--- INFORMATION Enclosed Below ---

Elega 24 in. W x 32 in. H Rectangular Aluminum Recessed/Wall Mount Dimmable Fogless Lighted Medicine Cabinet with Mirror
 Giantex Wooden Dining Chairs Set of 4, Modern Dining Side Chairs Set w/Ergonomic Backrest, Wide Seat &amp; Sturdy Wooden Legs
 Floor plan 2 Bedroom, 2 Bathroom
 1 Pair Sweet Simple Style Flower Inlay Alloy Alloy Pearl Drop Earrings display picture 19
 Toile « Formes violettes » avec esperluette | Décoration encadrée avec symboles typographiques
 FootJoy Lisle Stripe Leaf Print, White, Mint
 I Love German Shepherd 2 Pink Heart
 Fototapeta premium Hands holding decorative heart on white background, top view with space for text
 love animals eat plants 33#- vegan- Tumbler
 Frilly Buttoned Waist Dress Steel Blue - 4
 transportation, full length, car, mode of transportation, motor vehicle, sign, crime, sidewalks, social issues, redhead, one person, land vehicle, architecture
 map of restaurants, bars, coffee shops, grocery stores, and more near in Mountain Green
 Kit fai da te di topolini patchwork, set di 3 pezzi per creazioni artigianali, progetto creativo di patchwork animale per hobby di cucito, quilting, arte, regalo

--- End of Enclosed INFORMATION ---

_TASK GOAL_
List each line in the listing that contains the string "with".

_RESPONSE BELOW_
Elega 24 in. W x 32 in. H Rectangular Aluminum Recessed/Wall Mount Dimmable Fogless Lighted Medicine Cabinet with Mirror
 Fototapeta premium Hands holding decorative heart on white background, top view with space for text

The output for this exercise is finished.